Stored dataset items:
· · · · · · ·
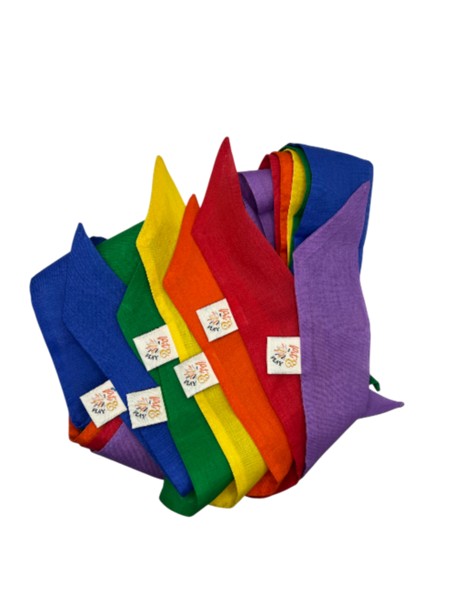 Pit & PLAY - Spielbänder Regenbogenfarben 6 Stk.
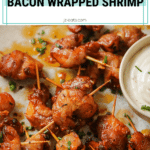 air fryer bacon wrapped shrimp pinterest short pin (1)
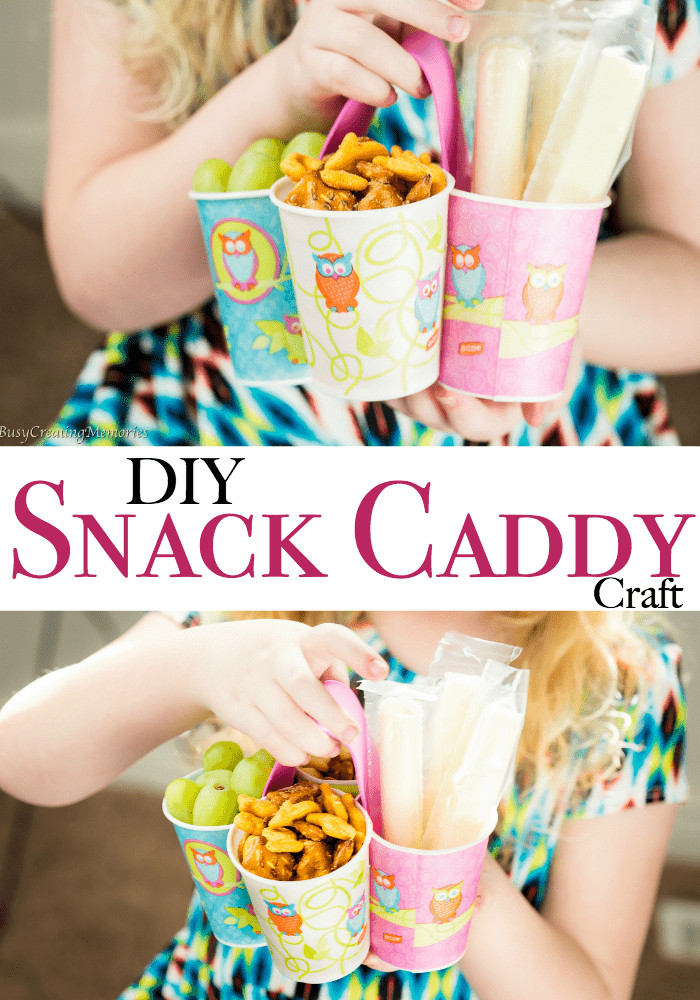 DIY Snacks For Kids
 Easy DIY Kids Snack Caddy Craft Tutorial
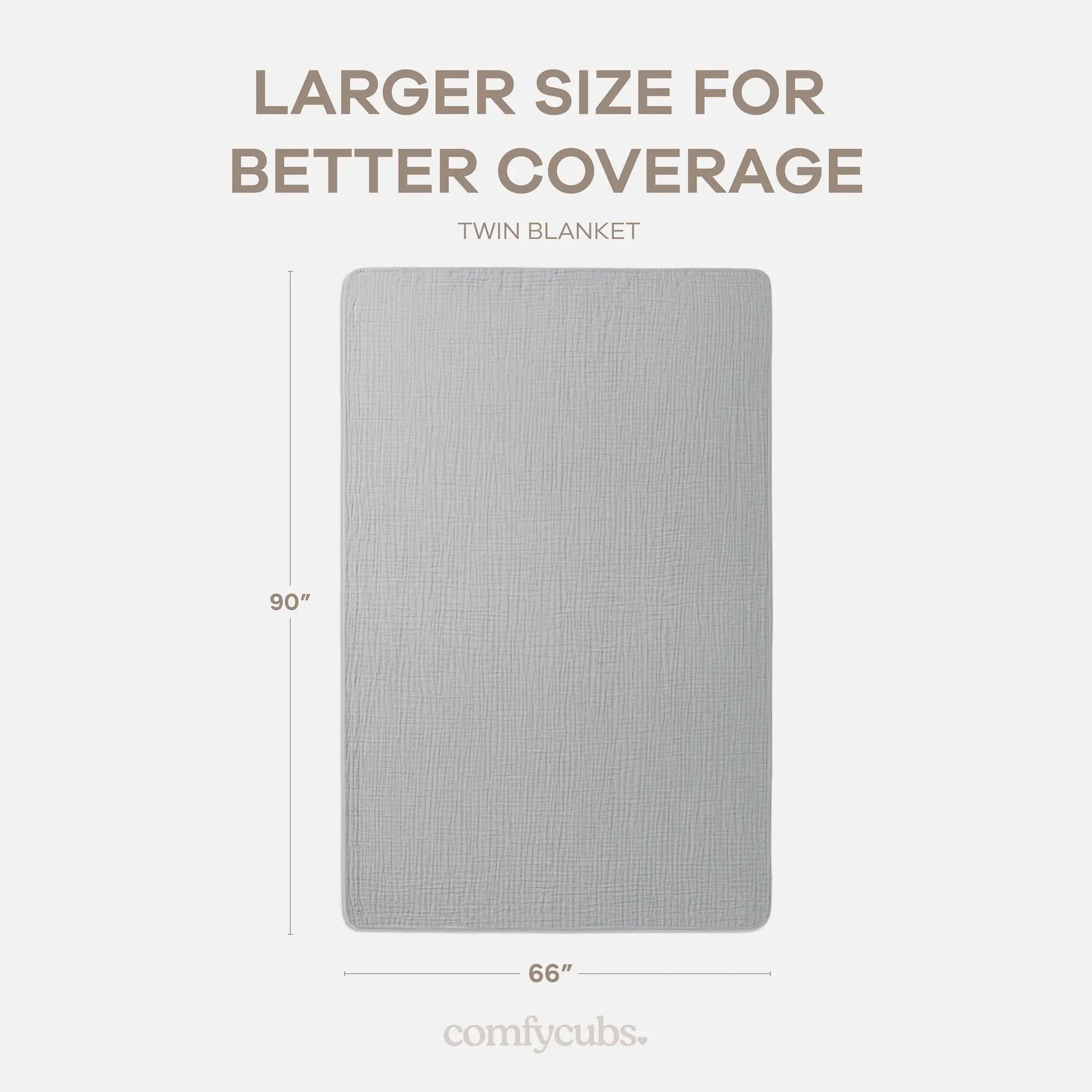 Comfy Cubs Adult Muslin Blanket in Heather Blue - 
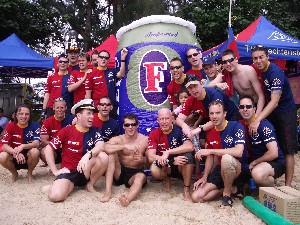 Liechtenstein Princely Navy team at May 13, 2007: 8th Deep Water Bay Dragon Boat Races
· · · · · · ·
Please repeat the records above exactly, leaving every picture out.

 Pit & PLAY - Spielbänder Regenbogenfarben 6 Stk.
 air fryer bacon wrapped shrimp pinterest short pin (1)
 DIY Snacks For Kids
 Easy DIY Kids Snack Caddy Craft Tutorial
 Comfy Cubs Adult Muslin Blanket in Heather Blue - 
 Liechtenstein Princely Navy team at May 13, 2007: 8th Deep Water Bay Dragon Boat Races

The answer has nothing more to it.